We multiply our encounters with beings and things commixed into a variety of states in their defence of the present - sediment, waste, industrial by-products, and sludge - by tracing the outline of ‘legacies’ and the remains of action and assemblage, including patterns of externalities and the gifts that weigh on future generations. We detect changes in the condition of (even submerged) beings and things by accounting over a longer period of time. Could this combination of time and legacy thinking deliver the void to ‘thought’ (Haraway 2016), and bring into the present happenings and relations that are (now) absent (ibid, p. 36)? Certainly, these horizons might strengthen caring by placing every one of us (beings and things) among the ‘ruins of older worlds’ (Hutton, cited in Lyell 1997, p. 14).

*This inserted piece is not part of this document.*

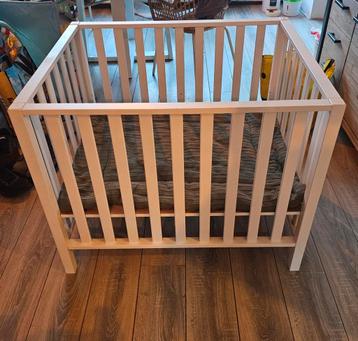 Witte Houten Babybox met Jolijn Boxkleed  beschikbaar voor biedingen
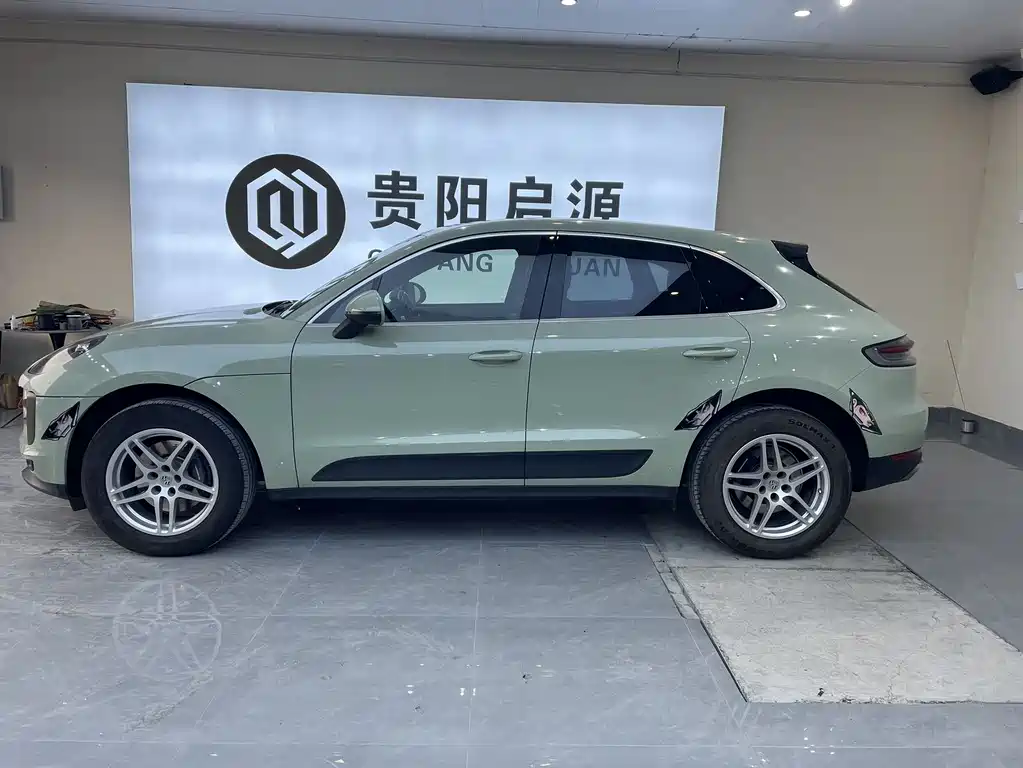 PORSCHE MACAN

It is possible that working among the sludge might tempt us to ballast it with more earth; we might encounter the difficulties that McGee associates with politics, representation, and critique (avenues for potential totalisation). But the point that the author has tried to make in this short comment is that totalities are already at work: totalising networks and instrumentalities, which break often into sludge. Trump’s politics are completely covered in filth. But they are filthy also because of a retreat from thinking the voids and from (critical) exposure of earths’ (economic) systems, which for too long have roamed over us without adequate explanation or accountability (for their impact and resource intensity).
So, yes, bring forward the raw materials of the earth; allow this planet and its beings to finally seize us. But we must combine this with attending directly and with open eyes to the sludge, and to the ‘worlds that fall between worlds’. We must do so because it is this void and this long-running sludgery which allow Trump to be Trump, Brexit to be Brexit, and existence to be always more shameful than ‘what works’.